Photographer Helmut Newton Had It Right On Nude Photography
While many famous photographers are known for other genres of photography, such as fashion, commercial, landscape and photojournalism photography, almost all have shot a nude photograph at some point in their careers. Whether it was fashion nude, editorial nude, Playboy nude, fine-art nude, implied nude, or some form of nude photography, some photographer captured a nude photo somewhere.

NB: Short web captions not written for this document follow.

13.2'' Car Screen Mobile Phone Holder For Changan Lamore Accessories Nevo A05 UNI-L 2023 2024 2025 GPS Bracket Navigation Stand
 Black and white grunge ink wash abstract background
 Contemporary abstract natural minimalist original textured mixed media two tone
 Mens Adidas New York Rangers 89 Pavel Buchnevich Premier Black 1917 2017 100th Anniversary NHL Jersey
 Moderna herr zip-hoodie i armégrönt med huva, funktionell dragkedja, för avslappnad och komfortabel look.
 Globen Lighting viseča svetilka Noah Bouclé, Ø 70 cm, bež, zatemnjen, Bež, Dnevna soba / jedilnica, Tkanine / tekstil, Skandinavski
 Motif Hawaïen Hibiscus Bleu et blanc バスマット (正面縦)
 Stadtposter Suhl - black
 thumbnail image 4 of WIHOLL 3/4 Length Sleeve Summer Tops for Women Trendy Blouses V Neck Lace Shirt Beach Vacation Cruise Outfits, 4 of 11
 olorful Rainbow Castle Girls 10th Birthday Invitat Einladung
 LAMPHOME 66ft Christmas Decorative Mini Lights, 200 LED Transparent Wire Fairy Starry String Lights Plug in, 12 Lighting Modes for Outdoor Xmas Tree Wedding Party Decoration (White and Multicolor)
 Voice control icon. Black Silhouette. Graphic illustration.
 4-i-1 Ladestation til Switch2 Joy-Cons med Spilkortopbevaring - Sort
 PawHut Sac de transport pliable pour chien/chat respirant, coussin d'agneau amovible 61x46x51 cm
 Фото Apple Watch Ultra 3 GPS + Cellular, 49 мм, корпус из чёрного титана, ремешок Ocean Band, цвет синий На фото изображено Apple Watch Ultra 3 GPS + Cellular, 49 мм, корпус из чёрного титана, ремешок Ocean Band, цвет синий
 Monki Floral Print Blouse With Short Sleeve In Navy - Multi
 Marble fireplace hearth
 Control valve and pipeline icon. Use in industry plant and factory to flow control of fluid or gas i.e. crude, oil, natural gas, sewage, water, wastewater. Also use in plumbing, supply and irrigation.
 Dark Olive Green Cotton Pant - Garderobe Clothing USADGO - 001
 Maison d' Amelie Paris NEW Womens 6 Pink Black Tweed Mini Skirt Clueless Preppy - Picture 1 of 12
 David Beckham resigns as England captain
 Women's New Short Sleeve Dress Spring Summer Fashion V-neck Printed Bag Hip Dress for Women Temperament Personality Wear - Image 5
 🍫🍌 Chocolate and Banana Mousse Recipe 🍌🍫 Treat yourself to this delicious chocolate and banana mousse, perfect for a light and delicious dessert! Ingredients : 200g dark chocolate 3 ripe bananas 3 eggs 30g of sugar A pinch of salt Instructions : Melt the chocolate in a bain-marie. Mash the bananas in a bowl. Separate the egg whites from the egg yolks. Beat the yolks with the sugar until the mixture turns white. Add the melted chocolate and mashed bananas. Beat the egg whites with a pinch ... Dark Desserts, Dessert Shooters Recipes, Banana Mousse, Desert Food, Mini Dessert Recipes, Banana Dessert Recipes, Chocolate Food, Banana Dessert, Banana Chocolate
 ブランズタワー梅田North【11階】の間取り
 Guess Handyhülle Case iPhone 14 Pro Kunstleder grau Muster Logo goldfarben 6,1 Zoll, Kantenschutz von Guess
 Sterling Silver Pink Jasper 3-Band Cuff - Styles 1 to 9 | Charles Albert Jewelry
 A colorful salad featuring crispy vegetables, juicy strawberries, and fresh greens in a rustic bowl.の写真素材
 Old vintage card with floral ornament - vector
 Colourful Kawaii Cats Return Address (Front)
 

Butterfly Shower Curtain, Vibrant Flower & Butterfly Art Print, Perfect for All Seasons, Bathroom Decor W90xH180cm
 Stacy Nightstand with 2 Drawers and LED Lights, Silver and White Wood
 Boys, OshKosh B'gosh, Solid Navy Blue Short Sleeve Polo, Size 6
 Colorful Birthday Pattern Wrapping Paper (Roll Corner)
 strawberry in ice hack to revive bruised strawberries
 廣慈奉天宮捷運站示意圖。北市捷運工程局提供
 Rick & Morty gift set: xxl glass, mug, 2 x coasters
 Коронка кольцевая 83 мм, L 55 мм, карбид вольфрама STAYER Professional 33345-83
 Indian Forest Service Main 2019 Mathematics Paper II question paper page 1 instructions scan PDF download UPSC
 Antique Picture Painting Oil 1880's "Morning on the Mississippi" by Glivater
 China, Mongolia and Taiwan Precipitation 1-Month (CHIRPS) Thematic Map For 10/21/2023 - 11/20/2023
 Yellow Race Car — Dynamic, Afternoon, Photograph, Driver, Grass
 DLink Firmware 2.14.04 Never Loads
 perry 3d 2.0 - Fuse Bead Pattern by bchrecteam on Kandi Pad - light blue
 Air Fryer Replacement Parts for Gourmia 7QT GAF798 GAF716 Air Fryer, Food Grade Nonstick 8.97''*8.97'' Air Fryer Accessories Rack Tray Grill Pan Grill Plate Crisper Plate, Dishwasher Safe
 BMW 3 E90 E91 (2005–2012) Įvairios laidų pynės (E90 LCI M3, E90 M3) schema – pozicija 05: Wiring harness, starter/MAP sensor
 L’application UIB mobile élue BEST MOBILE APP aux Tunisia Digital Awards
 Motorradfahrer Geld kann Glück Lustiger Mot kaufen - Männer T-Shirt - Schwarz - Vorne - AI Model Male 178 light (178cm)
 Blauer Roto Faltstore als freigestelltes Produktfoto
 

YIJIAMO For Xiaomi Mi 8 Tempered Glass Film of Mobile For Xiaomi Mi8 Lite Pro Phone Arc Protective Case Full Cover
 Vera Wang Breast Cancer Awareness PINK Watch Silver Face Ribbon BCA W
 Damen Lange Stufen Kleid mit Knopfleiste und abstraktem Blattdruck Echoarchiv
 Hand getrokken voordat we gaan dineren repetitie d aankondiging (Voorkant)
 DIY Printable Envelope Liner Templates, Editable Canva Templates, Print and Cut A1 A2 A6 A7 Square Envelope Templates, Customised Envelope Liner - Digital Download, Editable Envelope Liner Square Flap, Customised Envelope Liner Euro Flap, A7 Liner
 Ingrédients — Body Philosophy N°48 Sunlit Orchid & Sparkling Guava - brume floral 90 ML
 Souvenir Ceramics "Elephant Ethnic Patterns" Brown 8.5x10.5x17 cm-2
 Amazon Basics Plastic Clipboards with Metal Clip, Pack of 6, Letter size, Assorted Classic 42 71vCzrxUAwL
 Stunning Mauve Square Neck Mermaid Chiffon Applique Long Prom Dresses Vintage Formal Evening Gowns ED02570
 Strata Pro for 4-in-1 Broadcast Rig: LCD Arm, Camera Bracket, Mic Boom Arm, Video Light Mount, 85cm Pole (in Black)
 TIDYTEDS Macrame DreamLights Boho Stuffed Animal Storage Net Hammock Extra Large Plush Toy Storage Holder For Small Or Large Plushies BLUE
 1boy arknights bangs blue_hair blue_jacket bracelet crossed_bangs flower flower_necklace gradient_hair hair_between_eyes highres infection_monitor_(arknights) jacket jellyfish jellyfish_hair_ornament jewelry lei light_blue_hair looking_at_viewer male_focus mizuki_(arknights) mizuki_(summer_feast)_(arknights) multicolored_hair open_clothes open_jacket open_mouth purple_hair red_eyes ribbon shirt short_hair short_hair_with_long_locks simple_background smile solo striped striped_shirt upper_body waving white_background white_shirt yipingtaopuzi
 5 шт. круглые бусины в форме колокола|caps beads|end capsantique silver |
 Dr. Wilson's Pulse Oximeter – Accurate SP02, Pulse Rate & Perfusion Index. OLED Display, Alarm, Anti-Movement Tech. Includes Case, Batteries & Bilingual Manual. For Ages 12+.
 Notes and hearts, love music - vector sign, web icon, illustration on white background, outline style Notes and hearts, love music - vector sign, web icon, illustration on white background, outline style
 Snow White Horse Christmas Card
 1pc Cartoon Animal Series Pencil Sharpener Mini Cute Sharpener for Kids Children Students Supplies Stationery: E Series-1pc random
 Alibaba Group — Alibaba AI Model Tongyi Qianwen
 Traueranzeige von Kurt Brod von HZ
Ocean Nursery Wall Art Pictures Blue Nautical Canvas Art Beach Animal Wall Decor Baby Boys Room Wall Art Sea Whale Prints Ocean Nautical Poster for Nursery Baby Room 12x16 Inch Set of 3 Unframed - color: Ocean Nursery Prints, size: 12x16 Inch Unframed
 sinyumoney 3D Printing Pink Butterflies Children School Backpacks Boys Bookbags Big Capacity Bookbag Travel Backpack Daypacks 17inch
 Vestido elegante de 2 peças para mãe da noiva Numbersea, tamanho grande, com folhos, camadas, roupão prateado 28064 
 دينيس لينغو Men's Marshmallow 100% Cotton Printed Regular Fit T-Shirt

Then there were those like Helumut Newton, who were catapult into more fame for their nude photography than their commercial or fashion magazine photography. It’s been said that Simon de Pury, the head of the New York/London auction house Phillips de Pury & Company, while having a discussion with Helmut Newton about the then upcoming inaugural show for his Zurich gallery, asked Newton, “…What else do you have?” Newton replied, “My landscapes, but nobody wants to see those.”

Newton was correct and soon “Sex and Landscapes” was conceived for that inaugural show in 2001. While undoubtedly the late Newton has help put the “PC” in nude photography over the years, it’s not that nude photography is so bad in our private conscious, it’s the difficulty of the use of the word in our vocabulary and the use of nude images in our visual arts—like a fear, our own society is the guilty culprit and it’s time for us to “grow up” and accept the beauty nude photography brings, especially when captured correctly.